A while back I posted The Care and Feeding of Your Totem Animal Dance Costume. It’s a handout that I include with every full hide headdress and totem dance costume I make, to give provide physical and spiritual care instructions. I recently wrote one up to send out with tails, too, and thought I’d share it with my readers! (If you want to see the tails in question, check out the Tails, Ears and Horns section of my Etsy shop.)
Thank you for your tail purchase! Please read through this care sheet for information on how to care for your tail physically and spiritually.
The Anatomy of a Tail
Even in life, many mammal tails are often fragile things—thin skin wrapped around a bit of muscle and connective tissues on a scaffolding made of the thinnest, smallest vertebrae in the body. Tails are meant to be flexible; they may be used in visual communication with other animals, as well as fly swatters and other pest removal. However, yanking on a mammal’s tail is never a good idea.
In the same way, you don’t want to yank on your tail. While the tail may look thick and full, much of that is hair or fur. The skin itself is actually a very thin strip of a very thin hide. If you look at the back of the tail, you’ll see a bare patch. Using your finger, you can trace it further down the tail’s length, and notice how it gets thinner the further down you go. Additionally, if the tan is older, such as on a vintage tail, the end may dry out a bit, making the tail more fragile. But with sensible care, your tail can last for many years!
Physical Tail Care
Keep your tail clean, cool, and dry. Repeatedly exposing your tail to moisture, such as rain, will cause the hide to deteriorate, as will too much heat. If your tail gets a bit dirty, just on the surface of the fur, wipe it off with a damp cloth; Pledge Wipes are very good at cleaning fur, especially old stains or dust and grime. If it gets really filthy and if the tail is not vintage, you can carefully hand-wash it in warm water and a gentle soap, and hang it out to dry immediately (do NOT apply heat). Make this your last resort, however.
The very worst thing you can do to your tail is pull on it. Touching, petting, and other gentle handling is fine, as is everyday wear and display—it won’t fall apart if you don’t treat it like glass. Just be careful to not sit on the tail or accidentally rest weight on it while getting up. Don’t let people yank on it—children may be especially enthusiastic about treating tails like toys, or their classmates may playfully tug on the tails if they wear them to school.

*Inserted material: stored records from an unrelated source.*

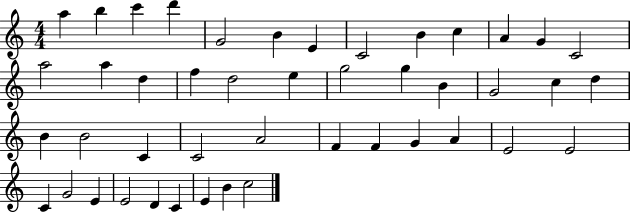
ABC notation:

X:1
T:Untitled
M:4/4
L:1/4
K:C
a b c' d' G2 B E C2 B c A G C2 a2 a d f d2 e g2 g B G2 c d B B2 C C2 A2 F F G A E2 E2 C G2 E E2 D C E B c2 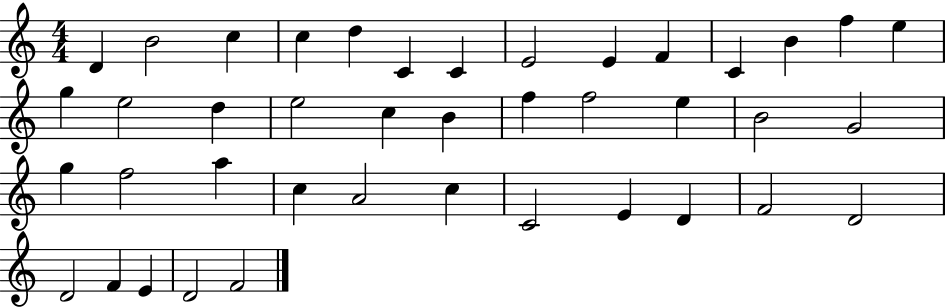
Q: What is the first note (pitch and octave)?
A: D4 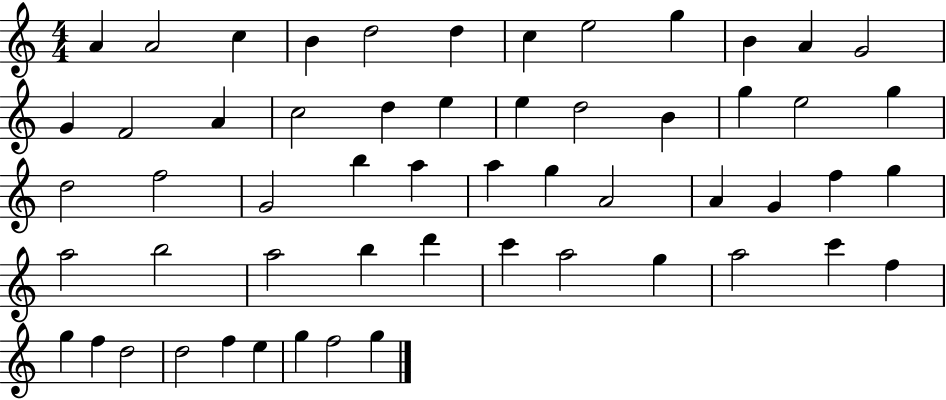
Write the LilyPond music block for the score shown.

{
  \clef treble
  \numericTimeSignature
  \time 4/4
  \key c \major
  a'4 a'2 c''4 | b'4 d''2 d''4 | c''4 e''2 g''4 | b'4 a'4 g'2 | \break g'4 f'2 a'4 | c''2 d''4 e''4 | e''4 d''2 b'4 | g''4 e''2 g''4 | \break d''2 f''2 | g'2 b''4 a''4 | a''4 g''4 a'2 | a'4 g'4 f''4 g''4 | \break a''2 b''2 | a''2 b''4 d'''4 | c'''4 a''2 g''4 | a''2 c'''4 f''4 | \break g''4 f''4 d''2 | d''2 f''4 e''4 | g''4 f''2 g''4 | \bar "|."
} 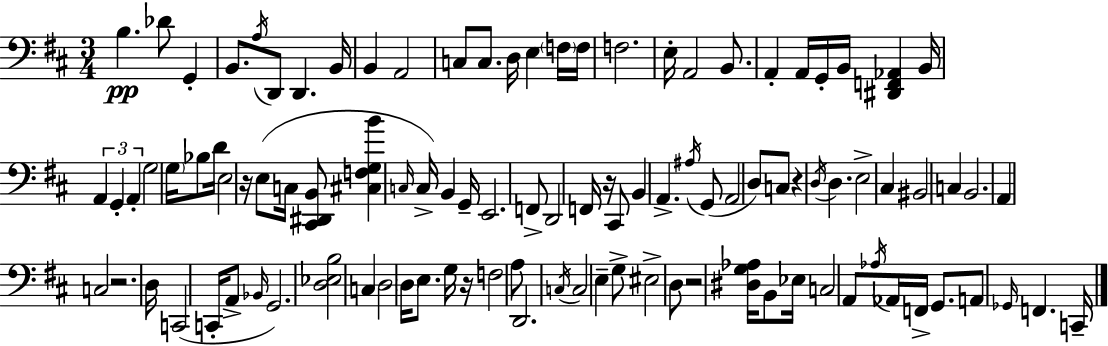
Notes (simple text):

B3/q. Db4/e G2/q B2/e. A3/s D2/e D2/q. B2/s B2/q A2/h C3/e C3/e. D3/s E3/q F3/s F3/s F3/h. E3/s A2/h B2/e. A2/q A2/s G2/s B2/s [D#2,F2,Ab2]/q B2/s A2/q G2/q A2/q G3/h G3/s Bb3/e D4/s E3/h R/s E3/e C3/s [C#2,D#2,B2]/e [C#3,F3,G3,B4]/q C3/s C3/s B2/q G2/s E2/h. F2/e D2/h F2/s R/s C#2/e B2/q A2/q. A#3/s G2/e A2/h D3/e C3/e R/q D3/s D3/q. E3/h C#3/q BIS2/h C3/q B2/h. A2/q C3/h R/h. D3/s C2/h C2/s A2/e Bb2/s G2/h. [D3,Eb3,B3]/h C3/q D3/h D3/s E3/e. G3/s R/s F3/h A3/e D2/h. C3/s C3/h E3/q G3/e EIS3/h D3/e R/h [D#3,G3,Ab3]/s B2/e Eb3/s C3/h A2/e Ab3/s Ab2/s F2/s G2/e. A2/e Gb2/s F2/q. C2/s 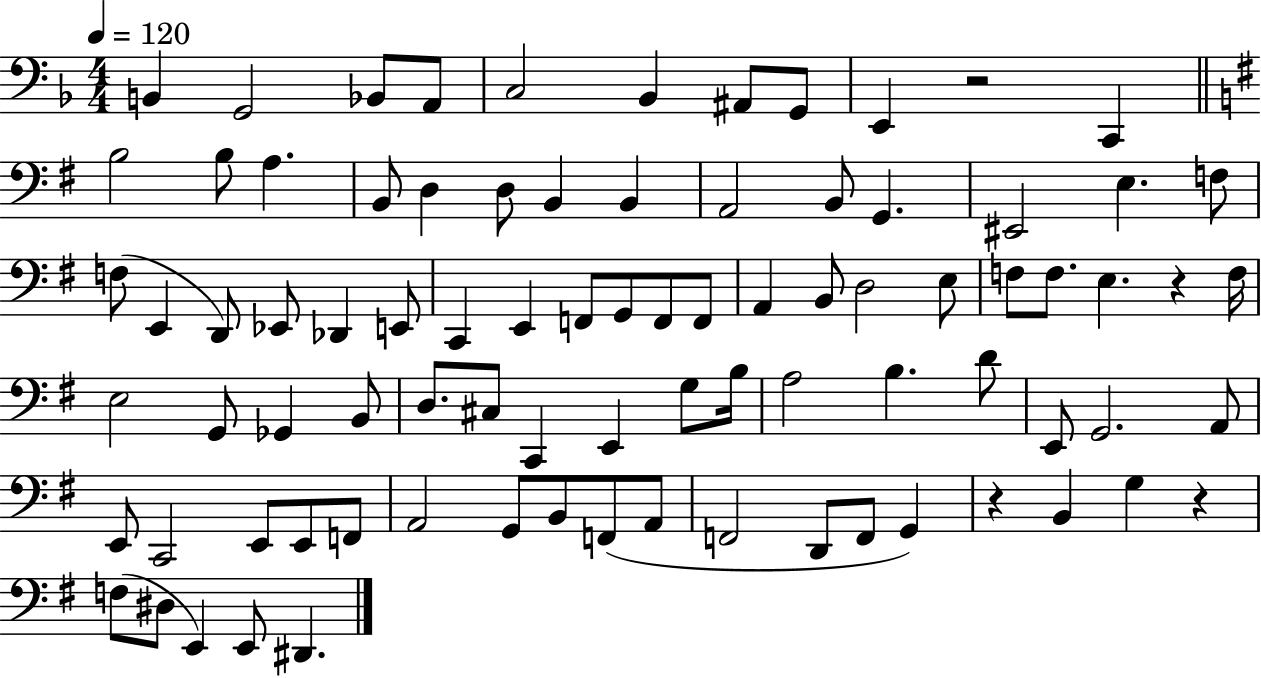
{
  \clef bass
  \numericTimeSignature
  \time 4/4
  \key f \major
  \tempo 4 = 120
  b,4 g,2 bes,8 a,8 | c2 bes,4 ais,8 g,8 | e,4 r2 c,4 | \bar "||" \break \key e \minor b2 b8 a4. | b,8 d4 d8 b,4 b,4 | a,2 b,8 g,4. | eis,2 e4. f8 | \break f8( e,4 d,8) ees,8 des,4 e,8 | c,4 e,4 f,8 g,8 f,8 f,8 | a,4 b,8 d2 e8 | f8 f8. e4. r4 f16 | \break e2 g,8 ges,4 b,8 | d8. cis8 c,4 e,4 g8 b16 | a2 b4. d'8 | e,8 g,2. a,8 | \break e,8 c,2 e,8 e,8 f,8 | a,2 g,8 b,8 f,8( a,8 | f,2 d,8 f,8 g,4) | r4 b,4 g4 r4 | \break f8( dis8 e,4) e,8 dis,4. | \bar "|."
} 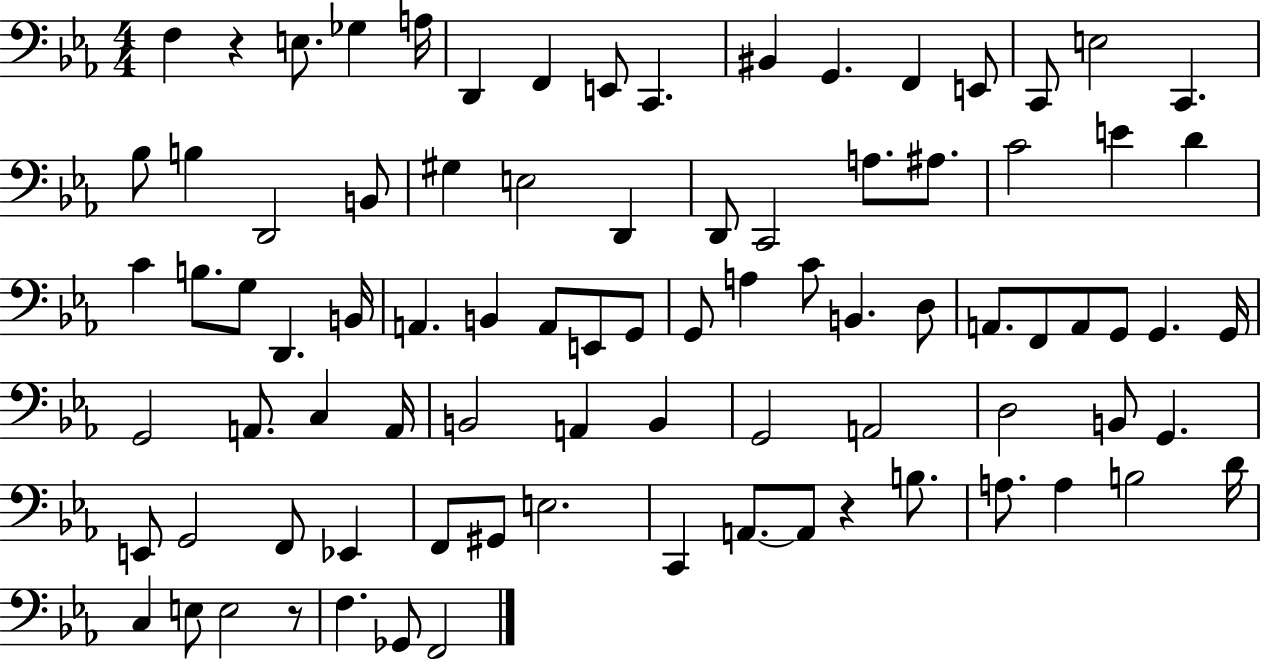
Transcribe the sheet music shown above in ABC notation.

X:1
T:Untitled
M:4/4
L:1/4
K:Eb
F, z E,/2 _G, A,/4 D,, F,, E,,/2 C,, ^B,, G,, F,, E,,/2 C,,/2 E,2 C,, _B,/2 B, D,,2 B,,/2 ^G, E,2 D,, D,,/2 C,,2 A,/2 ^A,/2 C2 E D C B,/2 G,/2 D,, B,,/4 A,, B,, A,,/2 E,,/2 G,,/2 G,,/2 A, C/2 B,, D,/2 A,,/2 F,,/2 A,,/2 G,,/2 G,, G,,/4 G,,2 A,,/2 C, A,,/4 B,,2 A,, B,, G,,2 A,,2 D,2 B,,/2 G,, E,,/2 G,,2 F,,/2 _E,, F,,/2 ^G,,/2 E,2 C,, A,,/2 A,,/2 z B,/2 A,/2 A, B,2 D/4 C, E,/2 E,2 z/2 F, _G,,/2 F,,2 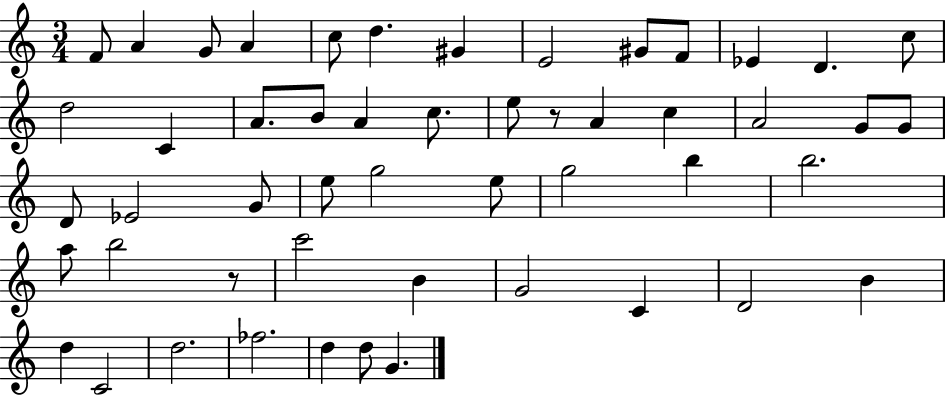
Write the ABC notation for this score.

X:1
T:Untitled
M:3/4
L:1/4
K:C
F/2 A G/2 A c/2 d ^G E2 ^G/2 F/2 _E D c/2 d2 C A/2 B/2 A c/2 e/2 z/2 A c A2 G/2 G/2 D/2 _E2 G/2 e/2 g2 e/2 g2 b b2 a/2 b2 z/2 c'2 B G2 C D2 B d C2 d2 _f2 d d/2 G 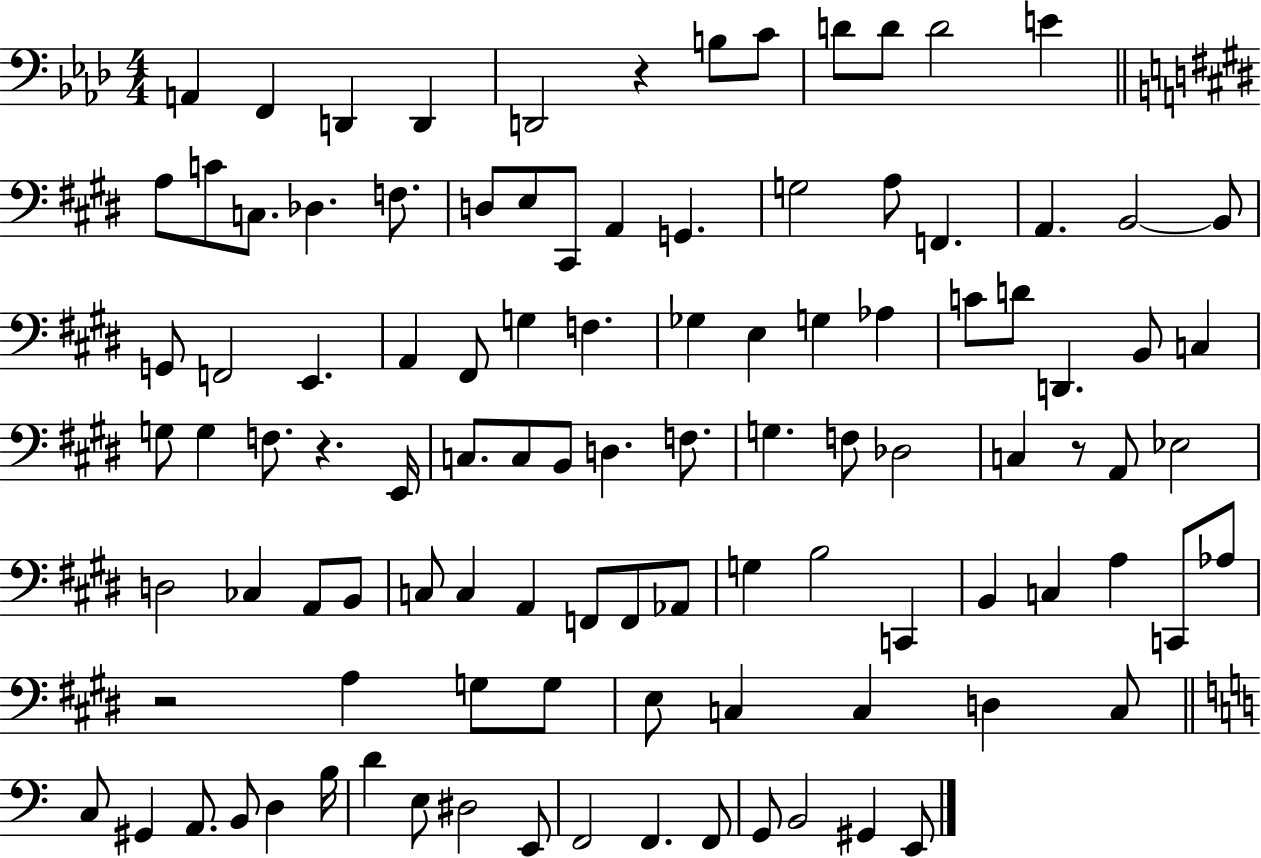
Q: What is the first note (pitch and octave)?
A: A2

Sometimes accidents like the above happen, and that thin little strip of hide that Mother Nature made will break. This is hardly the end of your tail! I offer free repairs on everything I make, including tails, no matter the reason. If your tail breaks, don’t feel bad! Just send it back, and I’ll stitch it back together for you.
Spiritual Tail Care
While I’ve discussed this in more depth in this article here, here are some ways that, if you’re so inclined, you can connect with the spirit of the tail itself.
–When you first get the tail, spend some time sitting with it, smoothing or fluffing the fur as needed, and getting to know the physical attributes—color, etc.–that make your tail unique. As you’re doing so, see if you get any impressions of the personality of the tail. You may be used to speaking with spirits; if you haven’t, see what thoughts, emotions, or images cross your mind as you handle the tail. If you feel like you should keep it in a particular place, let that be the tail’s “home”.
–Before you put the tail on to wear it, ask the spirit of the tail for permission. If the tail seems to say “no”, then put it back in its place for a few days, and try again. Or ask why it doesn’t want to come out just yet. If you can wear the tail, thank the spirit; some people may also wish to create small rituals for putting on and/or removing the tail each time.
–Some people prefer to just wear tails as accessories. If you wish to have a deeper spiritual connection, spend time sitting with the tail as well as wearing it each week, or even every day if you wish, to get to know it better. You may also wish to research the animal it came from-where that species lives, what it does and eats, what its relationship to humans it, etc. In this way you can have a better idea of whose tail you’re wearing.
–You might even try dancing with the spirit of the tail, or otherwise actively interacting with it when you wear the tail itself. Try going to a park and pretending to be that animal species. Or if you’re ritually-minded, call the tail’s spirit to join you in a celebratory dance!